Regardless Dolores Dreier, a surname you will hear repeated many times in the courtroom scenes, is a beguiling figure. There is a troubled darkness to her, and throughout the film you learn enough, but the question of her guilt eludes and evades. Her alluring pouts and longing stares, both icy cold and genuinely concerned leave little clue as to her inner workings.
As the trial approaches, her life is invaded by media entities, her family attorney has coached her on what to say and do, and her father supports this. Perhaps they do not believe her, and are now just looking for a not guilty verdict. The film certainly suggests this. To promote her innocence the family arrange a popular talk show host to grill Dolores.
This is a disarming scene that is fueled by a great cameo with Gael García Bernal as the interviewer. He plays power games, hitting Dolores with relentless questions. Domestic life and dry court room drama are enlivened by this central scene, but nothing can save the dull and long conversations Dolores has with her boyfriend. These pointless scenes take a lot away from the mystery, character building and momentum of The Accused.
As this is a clinical, psychological murder mystery the aesthetic has to resonate these grim themes. The Accused nails it from the opening moments; disarming music choices, drained, numb and quiet domestic family scenes, stilted conversations where the machinations of what the characters are thinking become more important than what they are saying.

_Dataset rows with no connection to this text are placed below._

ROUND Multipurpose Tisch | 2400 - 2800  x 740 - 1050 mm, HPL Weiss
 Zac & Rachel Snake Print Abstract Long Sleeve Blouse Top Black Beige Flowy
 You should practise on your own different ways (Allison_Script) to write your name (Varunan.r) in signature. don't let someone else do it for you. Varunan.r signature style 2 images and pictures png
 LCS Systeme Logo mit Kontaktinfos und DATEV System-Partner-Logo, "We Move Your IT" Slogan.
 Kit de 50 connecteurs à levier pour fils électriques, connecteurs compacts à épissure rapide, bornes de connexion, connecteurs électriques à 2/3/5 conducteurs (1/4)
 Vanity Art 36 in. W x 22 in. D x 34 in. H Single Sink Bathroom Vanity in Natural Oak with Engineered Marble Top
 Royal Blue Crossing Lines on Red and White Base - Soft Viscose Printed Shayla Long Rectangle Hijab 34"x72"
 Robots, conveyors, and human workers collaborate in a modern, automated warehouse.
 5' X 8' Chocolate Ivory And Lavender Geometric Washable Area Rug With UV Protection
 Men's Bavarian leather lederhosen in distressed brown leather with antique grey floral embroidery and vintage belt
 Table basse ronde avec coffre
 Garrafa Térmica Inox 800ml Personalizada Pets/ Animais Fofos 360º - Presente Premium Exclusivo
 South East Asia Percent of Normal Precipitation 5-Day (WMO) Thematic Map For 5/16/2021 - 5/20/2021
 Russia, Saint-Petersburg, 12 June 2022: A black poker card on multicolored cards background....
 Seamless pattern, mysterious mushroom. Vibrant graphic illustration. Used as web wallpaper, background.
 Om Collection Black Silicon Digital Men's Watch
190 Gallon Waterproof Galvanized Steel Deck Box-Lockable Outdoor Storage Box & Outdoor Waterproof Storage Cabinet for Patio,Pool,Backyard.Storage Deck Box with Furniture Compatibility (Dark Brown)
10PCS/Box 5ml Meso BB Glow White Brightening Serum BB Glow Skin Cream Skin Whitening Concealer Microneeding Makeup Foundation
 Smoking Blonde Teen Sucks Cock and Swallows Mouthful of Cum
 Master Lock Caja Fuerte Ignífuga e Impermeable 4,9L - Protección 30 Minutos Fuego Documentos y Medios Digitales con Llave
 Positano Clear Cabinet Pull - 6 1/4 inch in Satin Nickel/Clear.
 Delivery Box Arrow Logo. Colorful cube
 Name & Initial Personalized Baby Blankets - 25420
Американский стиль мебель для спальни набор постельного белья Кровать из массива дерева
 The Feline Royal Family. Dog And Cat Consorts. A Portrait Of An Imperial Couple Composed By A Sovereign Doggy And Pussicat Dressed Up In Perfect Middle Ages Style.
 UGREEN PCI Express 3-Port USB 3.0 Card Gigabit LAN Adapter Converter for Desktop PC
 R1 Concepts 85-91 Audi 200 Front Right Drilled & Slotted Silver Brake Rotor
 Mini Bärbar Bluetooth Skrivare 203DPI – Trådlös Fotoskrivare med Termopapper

Each scene is blue-tinged, a drop of digital flair and reminiscent of a David Fincher film, the close and tight cinematography scrutinizes Dolores, probing her every expression.
The Accused is a slow-burn drama that puts to the side its primary concern. It is a unique take on a murder mystery, one that puts the suspect front and center, but drops all judgment as we merely observe her. Unfortunately the pacing is too languid, with repeated drawn out scenes that take some of the impact away from this compelling character drama. Pay close attention to the uncanny news story at the beginning of The Accused however, and perhaps the answers are there after all.